Waitrose Foodies Case

It’s the ultimate treat or gift for any foodie; Waitrose Wine and Waitrose Cookery School have created The Foodie Case.

Six beautiful fine wines have inspired six mouthwatering recipes to complement them, specially created by the Waitrose Cookery School Head Chef, Gordon McDermott.

In this case, you’ll find six delicious fine wines, including a zesty white from Campania and a sweet Spanish Rioja.

At £70, this case is worth over £80, and is delivered complete with the recipes.
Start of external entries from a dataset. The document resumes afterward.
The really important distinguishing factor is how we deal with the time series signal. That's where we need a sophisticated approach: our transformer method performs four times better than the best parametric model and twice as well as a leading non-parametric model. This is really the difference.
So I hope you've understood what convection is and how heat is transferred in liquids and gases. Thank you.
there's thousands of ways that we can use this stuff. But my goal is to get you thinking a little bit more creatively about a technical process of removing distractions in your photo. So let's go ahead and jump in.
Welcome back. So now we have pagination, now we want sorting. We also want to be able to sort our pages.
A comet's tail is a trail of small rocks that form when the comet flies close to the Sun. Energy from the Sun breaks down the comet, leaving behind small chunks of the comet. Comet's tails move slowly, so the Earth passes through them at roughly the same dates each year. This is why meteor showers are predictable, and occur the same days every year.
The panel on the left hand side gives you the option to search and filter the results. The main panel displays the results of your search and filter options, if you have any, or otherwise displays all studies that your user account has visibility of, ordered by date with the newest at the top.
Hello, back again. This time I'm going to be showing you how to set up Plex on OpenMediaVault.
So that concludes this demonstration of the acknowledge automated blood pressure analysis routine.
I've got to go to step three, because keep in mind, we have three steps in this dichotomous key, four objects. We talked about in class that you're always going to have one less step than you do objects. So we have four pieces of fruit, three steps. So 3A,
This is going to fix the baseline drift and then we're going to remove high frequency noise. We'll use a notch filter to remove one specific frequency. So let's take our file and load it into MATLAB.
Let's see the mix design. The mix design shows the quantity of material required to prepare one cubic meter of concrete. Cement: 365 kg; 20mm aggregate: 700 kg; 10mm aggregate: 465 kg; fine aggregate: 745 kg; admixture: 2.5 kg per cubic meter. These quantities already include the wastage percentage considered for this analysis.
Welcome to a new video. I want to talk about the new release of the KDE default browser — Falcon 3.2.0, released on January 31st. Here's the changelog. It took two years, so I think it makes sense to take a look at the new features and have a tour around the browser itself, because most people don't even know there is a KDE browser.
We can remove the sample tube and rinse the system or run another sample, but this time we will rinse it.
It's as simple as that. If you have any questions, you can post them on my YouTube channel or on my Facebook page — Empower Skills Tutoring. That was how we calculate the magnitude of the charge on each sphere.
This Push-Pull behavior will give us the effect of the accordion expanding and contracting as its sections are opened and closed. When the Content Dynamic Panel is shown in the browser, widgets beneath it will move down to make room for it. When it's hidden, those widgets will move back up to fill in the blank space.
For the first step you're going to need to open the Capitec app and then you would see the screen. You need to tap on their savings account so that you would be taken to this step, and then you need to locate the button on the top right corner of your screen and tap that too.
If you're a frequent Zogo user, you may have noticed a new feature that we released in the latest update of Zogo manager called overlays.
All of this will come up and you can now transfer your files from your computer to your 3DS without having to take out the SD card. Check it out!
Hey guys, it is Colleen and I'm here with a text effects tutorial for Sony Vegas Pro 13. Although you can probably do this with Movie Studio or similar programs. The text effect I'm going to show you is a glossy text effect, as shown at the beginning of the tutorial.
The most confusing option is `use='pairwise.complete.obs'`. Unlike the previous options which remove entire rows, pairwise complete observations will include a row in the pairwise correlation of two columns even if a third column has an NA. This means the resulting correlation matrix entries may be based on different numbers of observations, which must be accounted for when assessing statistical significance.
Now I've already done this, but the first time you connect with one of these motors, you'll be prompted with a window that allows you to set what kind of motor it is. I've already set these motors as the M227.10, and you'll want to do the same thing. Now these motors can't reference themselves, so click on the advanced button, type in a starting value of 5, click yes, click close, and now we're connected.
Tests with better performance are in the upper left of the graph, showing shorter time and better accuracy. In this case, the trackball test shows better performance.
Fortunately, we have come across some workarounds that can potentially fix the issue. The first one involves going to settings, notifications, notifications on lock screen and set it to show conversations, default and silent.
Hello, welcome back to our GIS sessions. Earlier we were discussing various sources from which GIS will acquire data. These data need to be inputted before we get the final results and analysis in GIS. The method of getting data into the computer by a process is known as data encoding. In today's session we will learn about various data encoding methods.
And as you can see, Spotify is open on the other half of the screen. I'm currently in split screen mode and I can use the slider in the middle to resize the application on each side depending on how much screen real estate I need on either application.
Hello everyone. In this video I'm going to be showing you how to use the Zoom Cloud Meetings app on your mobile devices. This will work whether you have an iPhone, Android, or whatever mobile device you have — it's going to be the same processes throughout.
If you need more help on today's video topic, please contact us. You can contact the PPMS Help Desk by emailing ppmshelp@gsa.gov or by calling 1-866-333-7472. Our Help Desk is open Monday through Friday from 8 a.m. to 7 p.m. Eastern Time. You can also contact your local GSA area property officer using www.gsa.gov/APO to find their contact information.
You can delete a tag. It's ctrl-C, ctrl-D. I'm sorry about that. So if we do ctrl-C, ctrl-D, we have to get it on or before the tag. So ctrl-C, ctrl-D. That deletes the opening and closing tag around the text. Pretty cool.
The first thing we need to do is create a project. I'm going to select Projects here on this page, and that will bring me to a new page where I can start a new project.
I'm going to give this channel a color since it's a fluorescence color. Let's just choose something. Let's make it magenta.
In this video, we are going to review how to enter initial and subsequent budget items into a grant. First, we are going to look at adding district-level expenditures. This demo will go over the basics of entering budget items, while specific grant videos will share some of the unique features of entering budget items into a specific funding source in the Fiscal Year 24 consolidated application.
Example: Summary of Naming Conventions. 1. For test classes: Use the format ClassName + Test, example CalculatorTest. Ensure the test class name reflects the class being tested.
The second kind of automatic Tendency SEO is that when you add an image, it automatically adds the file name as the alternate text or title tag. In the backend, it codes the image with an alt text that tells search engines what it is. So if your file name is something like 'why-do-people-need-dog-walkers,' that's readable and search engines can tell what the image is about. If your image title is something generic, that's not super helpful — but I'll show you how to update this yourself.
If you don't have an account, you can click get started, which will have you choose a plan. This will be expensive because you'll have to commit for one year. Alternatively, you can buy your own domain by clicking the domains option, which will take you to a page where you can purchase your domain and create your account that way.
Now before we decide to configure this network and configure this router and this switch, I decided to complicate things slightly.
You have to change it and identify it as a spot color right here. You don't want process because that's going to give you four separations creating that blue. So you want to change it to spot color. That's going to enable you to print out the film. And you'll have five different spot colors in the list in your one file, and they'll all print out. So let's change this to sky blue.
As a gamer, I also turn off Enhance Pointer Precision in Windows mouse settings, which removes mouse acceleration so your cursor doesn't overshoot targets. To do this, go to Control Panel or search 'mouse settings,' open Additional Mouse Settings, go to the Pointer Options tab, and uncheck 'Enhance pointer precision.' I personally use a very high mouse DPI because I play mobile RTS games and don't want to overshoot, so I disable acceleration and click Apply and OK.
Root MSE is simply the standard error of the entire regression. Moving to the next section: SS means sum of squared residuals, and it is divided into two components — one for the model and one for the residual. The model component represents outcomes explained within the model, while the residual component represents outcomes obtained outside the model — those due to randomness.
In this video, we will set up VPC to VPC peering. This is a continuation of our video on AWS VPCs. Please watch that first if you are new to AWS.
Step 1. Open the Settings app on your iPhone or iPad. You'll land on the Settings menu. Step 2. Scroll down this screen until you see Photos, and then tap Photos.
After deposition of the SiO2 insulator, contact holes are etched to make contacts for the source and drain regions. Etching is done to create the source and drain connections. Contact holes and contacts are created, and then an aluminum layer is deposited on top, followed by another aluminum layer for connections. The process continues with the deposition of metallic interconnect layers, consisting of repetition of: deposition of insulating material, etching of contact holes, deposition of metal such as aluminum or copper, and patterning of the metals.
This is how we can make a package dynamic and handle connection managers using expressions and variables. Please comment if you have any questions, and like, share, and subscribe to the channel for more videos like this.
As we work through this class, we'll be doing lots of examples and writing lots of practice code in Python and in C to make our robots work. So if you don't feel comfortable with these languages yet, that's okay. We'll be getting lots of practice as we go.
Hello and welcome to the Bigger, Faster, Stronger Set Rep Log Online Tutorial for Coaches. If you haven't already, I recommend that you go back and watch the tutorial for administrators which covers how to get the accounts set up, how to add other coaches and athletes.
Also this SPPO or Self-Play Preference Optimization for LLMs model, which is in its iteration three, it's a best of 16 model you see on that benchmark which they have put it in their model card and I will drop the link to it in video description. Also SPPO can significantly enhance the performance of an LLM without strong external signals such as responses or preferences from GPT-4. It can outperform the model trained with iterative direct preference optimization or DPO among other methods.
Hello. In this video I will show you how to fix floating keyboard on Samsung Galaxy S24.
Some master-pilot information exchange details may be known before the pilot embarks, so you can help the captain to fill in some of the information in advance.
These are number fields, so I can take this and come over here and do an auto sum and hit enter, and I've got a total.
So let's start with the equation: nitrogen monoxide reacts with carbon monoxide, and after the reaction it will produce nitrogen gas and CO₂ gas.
Click here to view all recipes


Roast scallops with potato gnocchi and truffle emulsion Terredora Greco di Tufo 2012, Campania

Roast scallops with potato gnocchi and truffle emulsion

- Paired with -

Terredora Greco di Tufo 2012, Campania, Italy

One of the most food-friendly wines we have found, this classic white from Campania, is ideal with seafood due to its crispness. Here, the sweet scallops are enveloped in a rich truffle sauce and the zestyness of the wine brings out the sweetness in the scallops, offset by the hint of lemon. The gnocchi and truffles, whilst rich, are brought to life through the soft honey-undertones.

This is a fine example of how delicious wines from the local speciality Greco grape can be. The rich, smooth fruit flavours create a beautiful balanced style, with zesty citrus matched by soft honey notes and a long, fresh finish.


Shellfish tortellini with roasted scallops & bisque velouté
Château de Fesles “La Chapelle” 2011, Loire, France

Shellfish tortellini with roasted scallops & bisque velouté

- Paired with -

Château de Fesles “La Chapelle” 2011, Loire, France

The food and wine bring out the best flavours in both, the wine highlighting the sweet shellfish flavours and the food showcasing the fruit and spices of the wine.

This wine is a wonderful example of Loire Chenin. The nose is dominated by lime blossom, green apple and ripe pear. In the mouth, it is very well balanced and smooth, with a light touch of oak-derived complexity and gentle spice.

Click here to view all recipes


Endive salad with Roquefort, pear & sweet mustard dressing
Château Roquefort Roquefortissime 2010, Bordeaux, France

Endive salad with Roquefort, pear & sweet mustard dressing

- Paired with -

Château Roquefort Roquefortissime 2010, Bordeaux, France

Ordinarily, sweeter Bordeaux whites would be the perfect match for blue cheese. In this instance the sweetness of the pears does this job for us. The light oaking adds a bitterness to the wine when combined with the acidity of the grapes, whilst the fruit flavours of pears, lemons and limes work together with all elements of the dish. Château Roquefort with Roquefort cheese – the perfect match. This fantastic wine is a blend of approximately 80% Sauvignon Blanc and 20% Semillon grapes that is fermented in French oak barrels. The gentle oak is very well-integrated and balanced by fresh fruit flavours of pear, lemon and lime.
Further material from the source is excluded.